Quantum theory can be derived from three simple axioms.

Continuous reversibility distinguishes quantum from classical probability.

Entanglement is uniquely compatible with quantum axioms.

Abstract

Quantum theory makes the most accurate empirical predictions and yet it lacks simple, comprehensible physical principles from which the theory can be uniquely derived. A broad class of probabilistic theories exist which all share some features with quantum theory, such as probabilistic predictions for individual outcomes (indeterminism), the impossibility of information transfer faster than speed of light (no-signaling) or the impossibility of copying of unknown states (no-cloning). A vast majority of attempts to find physical principles behind quantum theory either fall short of deriving the theory uniquely from the principles or are based on abstract mathematical assumptions that require themselves a more conclusive physical motivation.

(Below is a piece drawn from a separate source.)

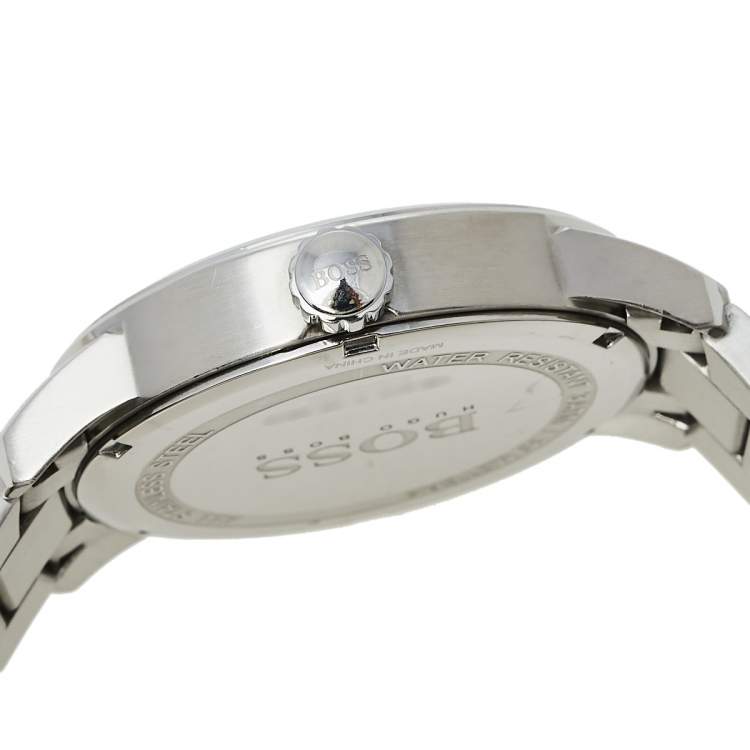 Pre Owned Boss By Hugo Boss Silver Stainless Steel HB.217.1.14.2614 Men's Wristwatch 43 mm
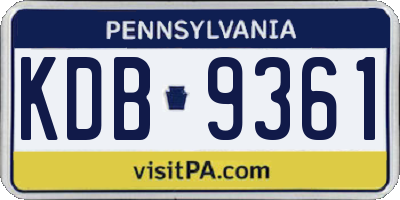 PA license plate KDB9361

Here, we show that classical probability theory and quantum theory can be reconstructed from three reasonable axioms: (1) (Information capacity) All systems with information carrying capacity of one bit are equivalent. (2) (Locality) The state of a composite system is completely determined by measurements on its subsystems. (3) (Reversibility) Between any two pure states there exists a reversible transformation. If one requires the transformation from the last axiom to be continuous, one separates quantum theory from the classical probabilistic one. A remarkable result following from our reconstruction is that no probability theory other than quantum theory can exhibit entanglement without contradicting one or more axioms.